Heidegger (GA36-37) – a dúvida cartesiana

HEIDEGGER, Martin. Ser e Verdade. 1. A questão fundamental da filosofia. 2. Da essência da verdade. Tr. Emmanuel Carneiro Leão. Petrópolis: Petrópolis, 2007, p. 53-54

Com o propósito de determinar a posição real de Descartes na história da filosofia ocidental, no tocante às questões fundamentais, e ao fazê-lo, realçar o predomínio decisivo da ideia matemática do método, afirmo o seguinte:

1. a radicalidade da dúvida de Descartes e o vigor da nova fundamentação da filosofia e do saber em geral é uma aparência e, assim, fonte de ilusões fatais, hoje, muito difíceis de serem eliminadas;

2. este pretenso novo princípio da filosofia moderna, com Descartes, não apenas não consiste, como é, sobretudo, o início de mais uma decadência da filosofia. Descartes não leva a filosofia de volta para si mesma, para seu fundo e seu chão, mas a distancia mais ainda do questionamento da questão fundamental.

α) A dúvida metódica como caminho do indubitável. O mais simples e o mais evidente é o fundamento

Trata-se de provar essas afirmações no seu contexto. Tal proposta é, ao mesmo tempo, a primeira estocada num ataque geral, que visa a Hegel.

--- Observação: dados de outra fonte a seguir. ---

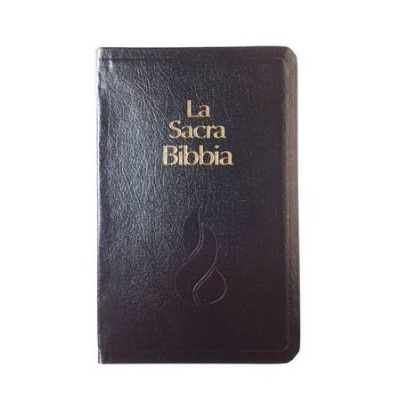 La Sacra Bibbia NR94 nera con rubrica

Antes, porém, deve-se sondar a posição de Descartes com mais nitidez e, sobretudo, ver uma coisa à medida que sua atitude de duvidar e o intuito de dar nova fundamentação correspondem inteiramente à sua ideia diretriz de método.

Muitas vezes chama-se a dúvida cartesiana de “dúvida metódica”. Com isso, entende-se o seguinte: a dúvida não deve ser meta e fim em si mesma, duvidar por duvidar. Pratica-se a dúvida, visando a algo indubitável. A dúvida serve apenas de caminho para a certeza.

Todavia, a dúvida de Descartes é “metódica” ainda num outro sentido, mais profundo e totalmente diferente. A saber, à medida que a dúvida se dá e acontece no sentido e a serviço do que Descartes entende simplesmente por método, isto é, do “matemático”, acima caracterizado. Isso significa: subordinando o filosofar a um pensamento-guia, tal método decide, de antemão, o caráter que deve ter e satisfazer, o que há de se considerar como solo seguro para todo saber. Deve ser algo superlativamente simples, simplicissima propositio, e, com isso, algo absolutamente evidente (intuitus).